Fallimenti e semi-vittorie a parte, nonostante i numeri non siano dalla parte dei secessionisti, Mas ha dichiarato “l’inizio del processo di indipendenza”. Un periodo post-elettorale nel quale sono previsti gli interventi volti alla formazione delle strutture istituzionale e successivamente un vero referendum per la Costituzione del nuovo – ipotetico – Stato. “Non ci arrenderemo – continua il leader di Junt Pel Sì dopo lo spoglio elettorale – e avremo l’indipendenza in 18 mesi” conclude. Se le parole di Mas si realizzassero, lo scenario sarebbe quello di uno stallo politico in cui il governo spagnolo dichiarerebbe non validi i tentativi e le dichiarazioni di indipendenza catalana, aprendo a una fase di ricorsi contro le nuove leggi. E l’Europa? L’Ue parla chiaro in materia: nel 2013 Pia Ahrenkilde Hansen, Portavoce della Commissione, dichiarò come “l’Ue è stata creata dai trattati, che si applicano agli Stati. Se una parte di territorio cessa di essere parte dello Stato, non sarebbe più parte dell’Ue: un nuovo Stato sarebbe considerato Paese terzo”. Contrario Mas che fiero dichiara come “non conviene a nessuno degli Stati membri cacciare la Catalogna dall’Unione”. Il governo spagnolo appoggia le leggi di Bruxelles. Le grandi banche intimano l’abbandono della Catalogna, insomma, questione anche di opinioni.
Il prossimo appuntamento nel mattatoio politico di Spagna a dicembre per le elezioni politiche nazionali, forse le più difficili per l’attuale establishment iberico chiamato a superare – difficilmente – se stesso.
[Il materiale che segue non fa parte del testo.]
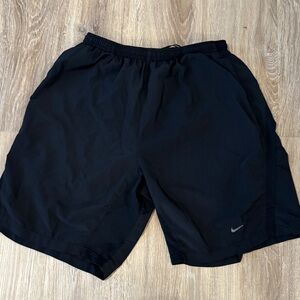 Nike Men's Black Performance Shorts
Sulla scia della voglia di cambiamento esacerbata dall’elettorato nelle elezioni degli ultimi anni, una possibile scossa porterebbe alla fine dei partiti tradizionali o perlomeno alla forte diversificazione dei protagonisti della politica spagnola; in caso di un nuovo e saldo balzo in avanti di nuove forze politiche, molti progetti potrebbero fissarsi definitivamente, fra questi – ma non solo – quelli degli indipendentisti.